International. Der Kampf um eine wirklich demokratische und gerechte Wirtschaftsordnung, diese historische Mission der Arbeiterbewegung, ist unvollendet. Wir führen ihn heute in einer Welt global vernetzter Wertschöpfung und Handelsströme im Zeitalter eines neuen Technologiesprungs und einer ökologischen Bedrohung unserer Lebensgrundlagen. Das macht es nicht einfacher. Aber es macht es umso wichtiger und lohnenswerter, dranzubleiben. Denn die Gefahr eines weltweiten Rückfalls in aggressiven Nationalismus und autoritäre Gesellschaftsmodelle ist real.

Als Gewerkschaft: Wir können den Welthandel fair regeln mit einem Wettbewerb, der keine Regionen zerstört, der keine Dumpingwettläufe um niedrige Löhne und schlechten Verbraucherschutz kennt. Wir können unsere Industrien mit all unserem Wissen und unseren Innovationen sauber und nachhaltig machen. Wir können unseren Sozialstaat sicher machen und fest an der Würde der Menschen ausrichten. Wir können die Werte unserer Volkswirtschaften auch in der Transformation gerecht und fair verteilen über Tarifsysteme, Steuersysteme, soziale Sicherungssysteme und öffentliche Güter. Dafür brauchen wir den Mut und die Kraft unserer Mitglieder. (…)

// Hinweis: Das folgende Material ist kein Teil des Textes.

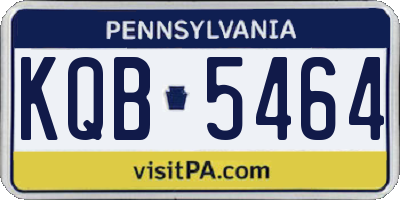 PA license plate KQB5464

Die IG Metall setzt sich für eine wirksame transnationale Gewerkschaftspolitik ein, sie fordert eine starke, eine solidarische Europäische Union. Wir müssen mit unseren Kolleginnen und Kollegen an einem Strang ziehen, für einen offenen und fairen Wettbewerb, für Frieden und internationale Verständigung.

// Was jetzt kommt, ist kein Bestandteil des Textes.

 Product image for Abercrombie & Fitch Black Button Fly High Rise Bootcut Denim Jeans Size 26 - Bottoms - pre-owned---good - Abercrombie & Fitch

Tarifbindung: Wir stellen uns gegen die Forderungen der Arbeitgeber nach Öffnungsklauseln gegen modulare Tarifverträge nach dem „Wünsch dir was Prinzip“ gegen eine weitere Verbetrieblichung der Tarifpolitik. Wir brauchen das Gegenteil, wir brauchen eine Stärkung der Tarifbindung für mehr Erwerbstätige! Denn nur über Tarifverträge können Beschäftigte einen fairen Anteil an der Wertschöpfung und einen angemessenen Einfluss auf ihr Arbeitsleben gewinnen.

Weiterbildung: Und wir fordern massiver Investitionen in Personal und Ausstattung von Berufs und Hochschulen. Wir verlangen eine öffentliche Infrastruktur mit Berufs und Hochschulen als regionale Weiterbildungszentren. Arbeitsmarktpolitik muss berufliche Neuorientierung in der Berufstätigkeit ermöglichten, nicht erst im Fall von Arbeitslosigkeit.

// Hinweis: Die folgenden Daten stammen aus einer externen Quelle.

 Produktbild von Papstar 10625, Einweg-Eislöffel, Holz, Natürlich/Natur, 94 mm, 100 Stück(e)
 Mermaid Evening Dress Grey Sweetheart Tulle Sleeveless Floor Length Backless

Arbeitszeit: Mit der verkürzten Vollzeit und der Wahloption auf tarifliche Freistellungszeit hat unser Tarifabschluss endlich flexible Arbeitszeiten im Interesse der Beschäftigten geschaffen. Auch wenn die Arbeitgeberseite murrt und bremst: Wir müssen und werden diese Optionen weiterentwickeln.